Do Job creators create the Jobs or does a healthy economy create the jobs?

Job creators create jobs in the same way oil companies create oil. Companies harvest consumer demand by providing goods and services. Poor economy=no demand. No demand, no jobs.

Keynes hypothesized that, during an economic downturn, demand falls off, so companies can’t continue to employ their workers, and thus lay them off.

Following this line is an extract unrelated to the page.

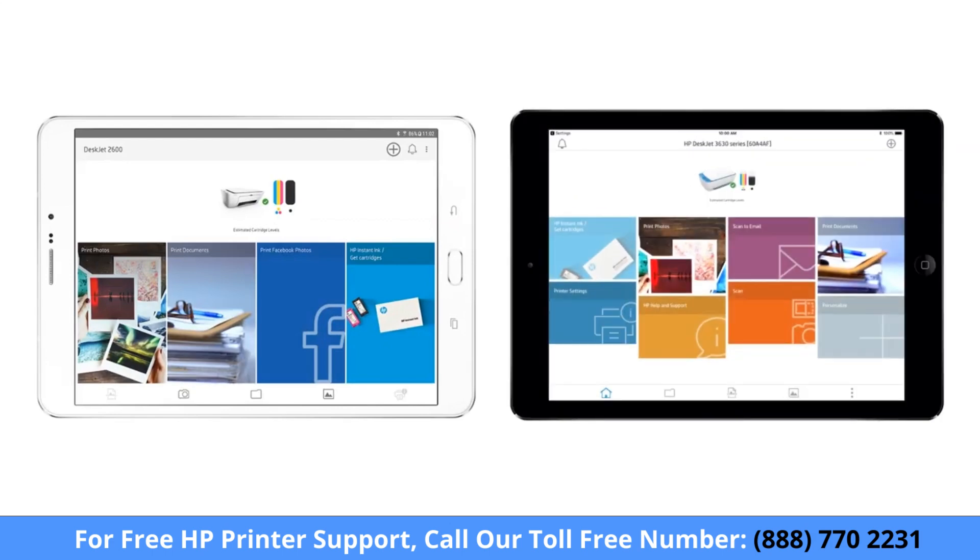Print documents or photos from Android or an iPhone or iPad using HP Smart. To print with HP Smart, the app must be installed and configured with your HP printer.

This creates three problems:

  1. By laying off workers, it further depresses the economy.
  2. The workers who maintained employment are still making the same amount of money as they had been when there was an economic boom.
  3. The unemployed expect to be employed in accordance with the going rate for their job, as exemplified by those who are still employed.

Consequently, you end up with a situation where the economy will continue to try to shrink itself and where it is difficult for companies to take on new employees, because they’re already overspending for the ones they have, relative to the strength of the economy. (Plus, generally, companies let go of the least productive employees first, so those who are unemployed are always going to be viewed with suspicion).

The solution that he proposes is to artificially recreate the boom economy by using the various powers of government to inflate the economy back to where it had been.

Roosevelt - the most influential post-Keynesian Lefty in our history - used a method of creating government jobs to try and achieve this. Obama sent out checks to the every man and invested in startups, focussing on new (green) technologies. Reagan and other Republicans have generally lowered taxes.

In all cases, the goal is to keep the economy afloat until things start to recover. None of this actually produces a recovery - recovery is largely a matter of public psychology, rather than anything economic - it’s just meant to staunch the death spiral from occurring. And in all cases, the government is taking a haircut or going into debt to accomplish the goal.

And, in all cases, the goal is basically to create employment.

If you pump the economy with money, e.g. by sending out checks, then theoretically that helps with demand because the people who get the money are going to turn around and spend it on stuff. But, there’s a risk that people will instead just put the extra money under their mattress or that employers will realize that it’s an artificial demand increase and distrust ramping up production to match it.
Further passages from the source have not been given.